You need to agree to share your contact information to access this model

By clicking "Agree and Access" you acknowledge the Privacy Policy and consent to receive offers and updates. You can unsubscribe at any time.

LTX-2.3 22B IC-LoRA Reference Sheet Control

This is an IC-LoRA trained on top of LTX-2.3-22B, which conditions video generation on a reference sheet — a single composite image inventorying the characters, props, and location of a scene — so that generated videos keep those elements visually consistent.

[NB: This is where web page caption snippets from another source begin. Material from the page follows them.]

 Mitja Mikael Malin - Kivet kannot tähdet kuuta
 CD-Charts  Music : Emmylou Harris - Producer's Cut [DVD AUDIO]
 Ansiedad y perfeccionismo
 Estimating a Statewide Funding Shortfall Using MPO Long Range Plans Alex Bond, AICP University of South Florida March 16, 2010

It is based on the LTX-2.3 foundation model.

Model Files

ltx-2.3-22b-ic-lora-ingredients-0.9.safetensors

Model Details

Base Model: LTX-2.3-22B (dev)
Training Type: IC-LoRA (in-context LoRA)
Control Type: Reference-sheet conditioning — character / prop / location identity carried into the generated video
Reference Downscale Factor: 1 (the reference is provided at the same resolution as the output)
Pipeline details: The reference sheet is supplied as a static video (the still sheet looped to the output's length and frame rate). The model is trained with a video_to_video strategy over reference latents; no extra color/space transforms are applied at inference.

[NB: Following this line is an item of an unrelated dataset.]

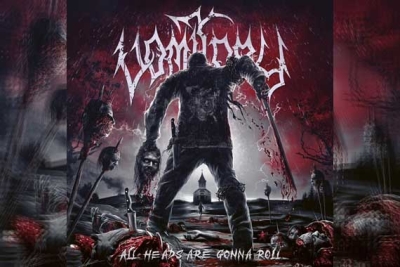 VOMITORY – All Heads Are Gonna Roll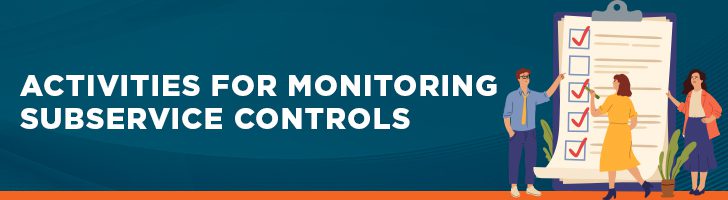 Activities for monitoring subservice controls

Intended Use & Out-of-Scope

Intended use: Generating short video clips that stay faithful to a supplied reference sheet — keeping recurring characters (face and costume), handled props, and the set/location consistent with the sheet while following an action described in the prompt.

Out of scope: This is not a general text-to-video model — it expects a reference sheet as conditioning. It was trained at a single resolution / length bucket (768×448, 121 frames, 24 fps); other resolutions, much longer clips, or use without a reference sheet are out of distribution. It does not reproduce identities that are absent from the supplied sheet.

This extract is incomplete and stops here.